“When I was working at Attik, we found it very difficult to break through into global brands,” says James Sommerville, who co-founded Attik in 1986 alongside Simon Needham. “Quite often it was impossible to get through the door. I’m trying to reverse that – you don’t have to be a global agency to speak to Coke.”
During his time at Attik, the consultancy completed many successful refresh projects for brands including Heineken, Virgin, Sony Playstation, Adidas and, in fact, Coca-Cola itself. Sommerville and Needham designed a series of books called Noise, where they focused on creating new, imaginative design experiences, which Sommerville says is an essential skill for any young designer.
“There was no commercial strategic intent with these books,” he says. “It was really about design exploration. Experimentation is key for young designers – they need to do great design that pushes them.”

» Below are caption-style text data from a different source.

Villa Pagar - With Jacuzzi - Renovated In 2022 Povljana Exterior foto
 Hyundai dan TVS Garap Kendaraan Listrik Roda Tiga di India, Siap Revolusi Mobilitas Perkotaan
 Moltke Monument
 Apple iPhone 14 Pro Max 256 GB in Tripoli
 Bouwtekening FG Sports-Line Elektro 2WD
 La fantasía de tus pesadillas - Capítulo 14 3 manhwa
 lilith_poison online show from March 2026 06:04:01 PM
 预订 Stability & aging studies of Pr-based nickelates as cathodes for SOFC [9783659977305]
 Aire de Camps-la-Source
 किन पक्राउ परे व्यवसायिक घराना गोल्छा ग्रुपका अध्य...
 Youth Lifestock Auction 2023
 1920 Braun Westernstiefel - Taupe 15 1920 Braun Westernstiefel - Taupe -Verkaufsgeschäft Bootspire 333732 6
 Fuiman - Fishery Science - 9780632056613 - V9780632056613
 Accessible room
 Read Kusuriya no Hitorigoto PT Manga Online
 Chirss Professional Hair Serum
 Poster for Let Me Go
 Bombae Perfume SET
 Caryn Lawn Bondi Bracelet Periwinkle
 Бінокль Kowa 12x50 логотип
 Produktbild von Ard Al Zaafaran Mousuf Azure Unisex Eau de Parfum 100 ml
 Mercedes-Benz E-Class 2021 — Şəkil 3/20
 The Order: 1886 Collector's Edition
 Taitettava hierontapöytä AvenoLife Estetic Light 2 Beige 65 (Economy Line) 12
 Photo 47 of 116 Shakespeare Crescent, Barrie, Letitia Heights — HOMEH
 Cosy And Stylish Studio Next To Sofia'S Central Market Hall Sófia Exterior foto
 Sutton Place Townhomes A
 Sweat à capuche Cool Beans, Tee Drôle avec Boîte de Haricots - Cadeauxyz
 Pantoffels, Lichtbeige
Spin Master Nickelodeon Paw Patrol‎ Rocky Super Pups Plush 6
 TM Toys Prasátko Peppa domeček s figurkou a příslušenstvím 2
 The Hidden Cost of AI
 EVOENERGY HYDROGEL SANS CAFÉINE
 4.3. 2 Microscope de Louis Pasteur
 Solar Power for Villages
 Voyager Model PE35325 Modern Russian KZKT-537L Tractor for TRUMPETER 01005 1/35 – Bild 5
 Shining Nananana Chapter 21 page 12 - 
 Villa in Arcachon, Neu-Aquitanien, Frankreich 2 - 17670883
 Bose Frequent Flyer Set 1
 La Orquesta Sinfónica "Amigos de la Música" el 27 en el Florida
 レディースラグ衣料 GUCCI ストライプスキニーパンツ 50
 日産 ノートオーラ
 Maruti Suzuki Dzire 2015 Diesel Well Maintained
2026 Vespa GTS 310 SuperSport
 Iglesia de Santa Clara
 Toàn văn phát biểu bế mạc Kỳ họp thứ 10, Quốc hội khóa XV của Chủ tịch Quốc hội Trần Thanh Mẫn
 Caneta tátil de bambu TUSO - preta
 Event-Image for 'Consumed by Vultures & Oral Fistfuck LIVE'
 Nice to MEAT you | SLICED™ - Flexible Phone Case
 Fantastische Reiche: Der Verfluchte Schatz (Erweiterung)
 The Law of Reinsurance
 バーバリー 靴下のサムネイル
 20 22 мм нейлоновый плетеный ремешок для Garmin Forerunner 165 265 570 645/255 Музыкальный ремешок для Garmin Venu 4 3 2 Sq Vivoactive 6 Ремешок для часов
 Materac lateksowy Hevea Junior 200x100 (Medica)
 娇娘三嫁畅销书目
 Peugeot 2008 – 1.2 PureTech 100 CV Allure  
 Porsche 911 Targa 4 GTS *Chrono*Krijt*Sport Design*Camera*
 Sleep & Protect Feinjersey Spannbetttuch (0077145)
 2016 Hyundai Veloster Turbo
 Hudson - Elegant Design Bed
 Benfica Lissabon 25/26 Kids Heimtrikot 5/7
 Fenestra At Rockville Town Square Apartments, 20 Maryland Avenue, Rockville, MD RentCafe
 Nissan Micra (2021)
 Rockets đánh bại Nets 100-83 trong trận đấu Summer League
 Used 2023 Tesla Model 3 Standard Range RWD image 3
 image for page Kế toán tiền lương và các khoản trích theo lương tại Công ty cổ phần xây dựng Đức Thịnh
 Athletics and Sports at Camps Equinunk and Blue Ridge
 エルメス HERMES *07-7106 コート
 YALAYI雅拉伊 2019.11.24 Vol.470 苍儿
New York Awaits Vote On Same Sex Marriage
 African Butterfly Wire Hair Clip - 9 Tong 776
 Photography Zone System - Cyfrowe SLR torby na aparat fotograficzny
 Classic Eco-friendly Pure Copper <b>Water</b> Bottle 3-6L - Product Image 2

Up-and-coming designers should focus on stretching themselves creatively to get the attention of “grown-up” brands and consultancies he says, which can then partner with them and work with them on strategy. “Clients want wowing,” he says. “They want to know where the next trend in design is coming from, and young designers have an amazing advantage of providing that.”
But even though beautiful design can help you stand out, moving on to business later in life can give you a plethora of skills, he says. After a 26-year stint, Sommerville left Attik in 2012, and went on to join the Coca-Cola design team the following year. There, he embarked on projects such as the brand’s visual identity for the Rio 2016 Olympics and the Share a Coke name bottles campaign.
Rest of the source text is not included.